12 financial resolutions to ensure a prosperous New Year
[Estimated time to read: 4.5 minutes]
Instill a few good personal financial habits in 2016
'Positive Change’ is synonymous with a New Year, and few resolutions will give you as much return on your investment as instilling a few good personal financial habits with your money. Below are 12 New Year’s financial resolutions, to help ensure that you have a more prosperous financial year ahead.
Why not aim to knock off at least one each month ? By the end of the year, you'll be on a much firmer financial footing.
If you are from country A and you live in country B, then you should bank in country C. There are an absolute multitude of benefits of banking offshore and our private banking team, voted Best Global Offshore Banking Team of 2014, can help advise on these. Why not download our free eBook, The Expat Guide to Offshore Banking, to find out why this is a great option for the expatriates.

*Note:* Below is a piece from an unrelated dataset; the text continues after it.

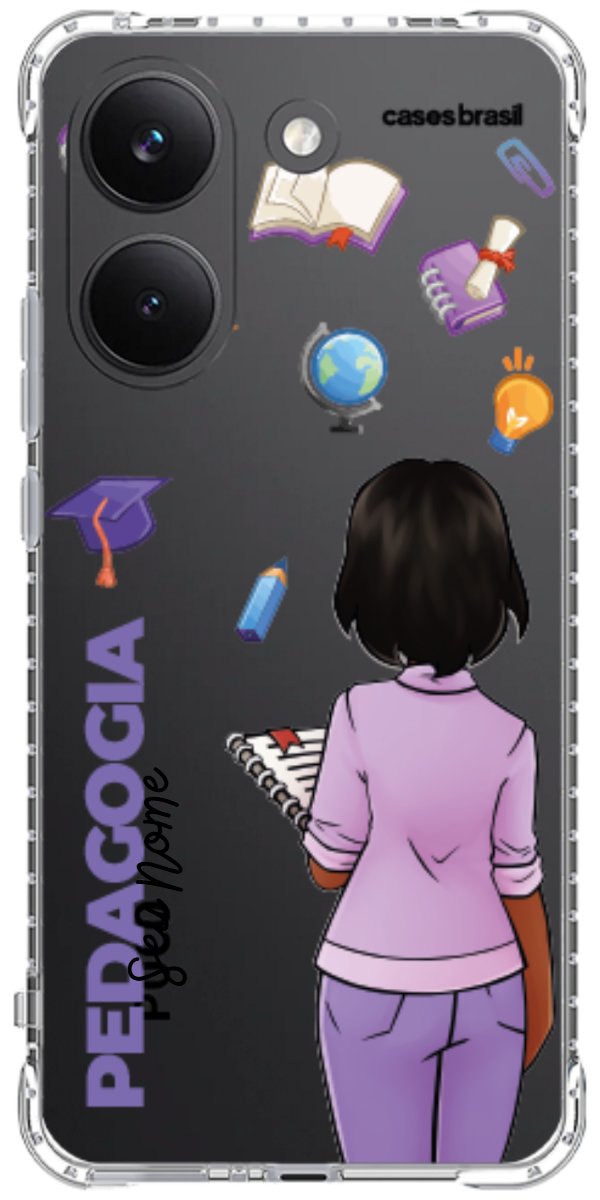 Capinha para Celular Pedagogia - Boneca Profissão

Unexpected things happen all the time, perhaps even more so to those of us who reside outside the comfort of our home countries. Even millionaire pop stars need financial planning and should place ‘setting some cash aside’ high up on their financial ‘to do’ list. This fund should be equal to six months’ living expenses and kept to one side in an offshore bank account.
What are your life's dreams? This should be a fun exercise, but remember, if you don't plan to get somewhere, you're not likely to arrive. A great financial adviser will carry out cash-flow modelling with you, helping you set specific, quantifiable financial goals that answer questions like who, what, when, and where.
4. Make a Will
Writing a Will is one of the most common things on the never-ending ‘to-do’ list. Yet having a Will is important if you want to take care of your family, particularly in cases where there are ex-spouses and children from previous marriages. Not writing a Will can leave loved ones in chaos and distress. Exaptriates should consider writing a Will for each country they have assets in.
In an earlier blog post this year, we looked at the financial advice we gave our lottery winning clients, after their spending spiralled out of control. Often, expats use a currency that differs from the one that they use in their home country, which can also distort spending habits. Nevertheless, for your long-term financial well-being, it's vital that you figure out how much you're spending and on what you are spending your money on.
6. Pay off debt
The inappropriate use of debt is the quickest way to jeopardise your financial security. Use cash or a debit card for purchases, not a credit card. Pay off or consolidate personal debt to lower your interest charges. Look into refinancing mortgage debt or swapping variable rate debt to fixed rate if you haven't already. Interest rates have never been so low. Only this year HSBC launched their very low 0.99% UK mortgage rate.
This may not seem like rock ‘n’ roll at first, but once you get started on making regular savings, this can actually become enjoyable and is an important factor in funding your life goals.
There's a lot of misconception surrounding investing. Many people lack a complete framework and context for making informed investments and tend to make common investment mistakes based on short-term, emotional investment decisions. Do yourself a favour and take some time to develop an investment strategy with a competent and unbiased international financial adviser.
People are living significantly longer, and state benefits are providing a shrinking portion of the future income people need into retirement. But retirement planning for expats need not be as difficult as it sounds. Contributing to your employer’s retirement or pension plan can be one of the best deals out there, assuming you get a tax deferral and employer contributions. If you don't have a company retirement plan, look at other tax-advantaged investment options.
Consider questions like: how much will your employer pay to your family in the event of your death? If you or your spouse set up life insurance in your home country, does it still cover you in the country in which you are now resident?
Don't be ‘penny wise and pound foolish’. The complexity and sophistication of financial products has increased immensely. In today's world of specialisation, it is impossible to keep up with it all. You don't have to do it all yourself. It is often cheaper and more effective in the long run to get transparent, unbiased advice when you need it.
Keep good records. Sort through your financial documents. Bin the ones that are no longer necessary (for example, Brtain's HM Revenue and Customs do not require you to maintain financial records for more than seven years) and put the remainder in some kind of order. Keep your financial life as simple as possible. It's easier to manage and you're more likely to keep up with it.
Make every effort to bid farewell to bad personal financial habits, inspire some good ones of your own, and get started on creating your own financial security with these new year's resolutions.
All the best for a prosperous New Year!